* [Your task]: Exclude the images, then return every line below exactly as written.

*** Recorded data ***

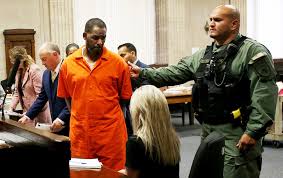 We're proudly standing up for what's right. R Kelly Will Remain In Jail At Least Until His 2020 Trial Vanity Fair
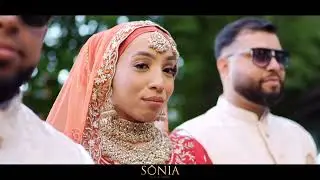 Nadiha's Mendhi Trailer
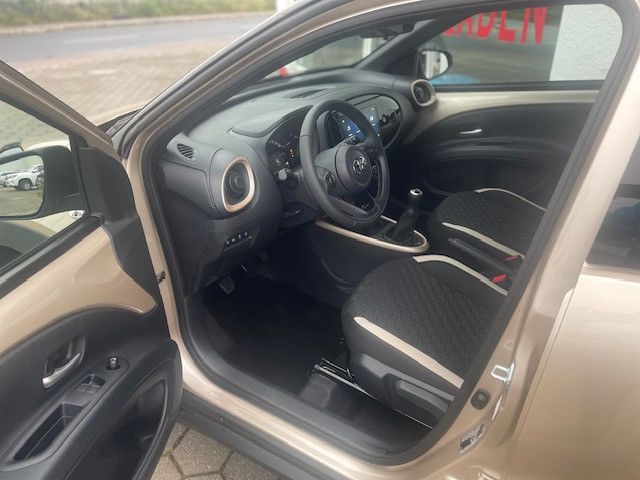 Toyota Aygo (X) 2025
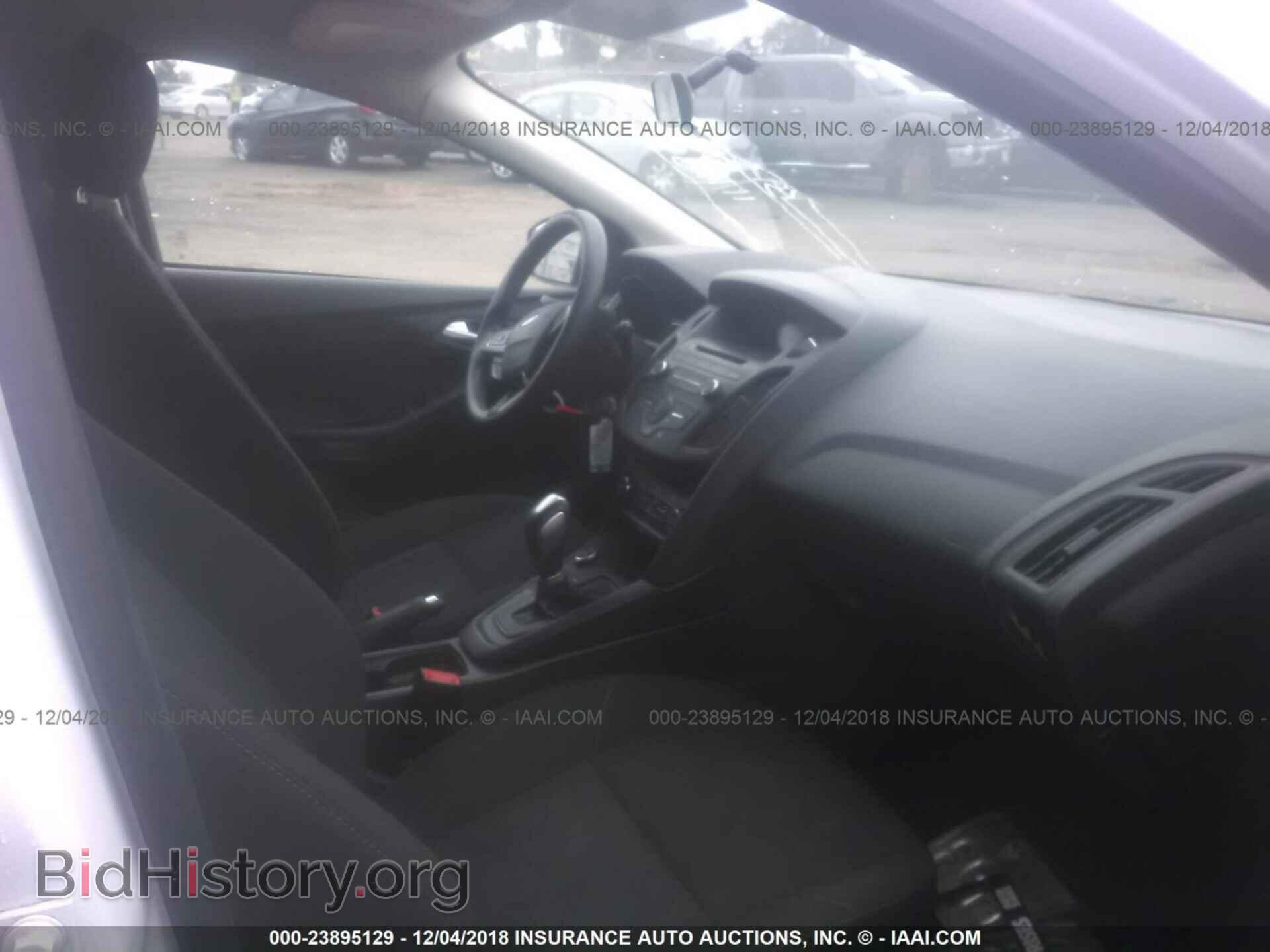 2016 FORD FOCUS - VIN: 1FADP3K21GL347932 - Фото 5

*** End of Recorded data ***

* [Finished exercise]:
 We're proudly standing up for what's right. R Kelly Will Remain In Jail At Least Until His 2020 Trial Vanity Fair
 Nadiha's Mendhi Trailer
 Toyota Aygo (X) 2025
 2016 FORD FOCUS - VIN: 1FADP3K21GL347932 - Фото 5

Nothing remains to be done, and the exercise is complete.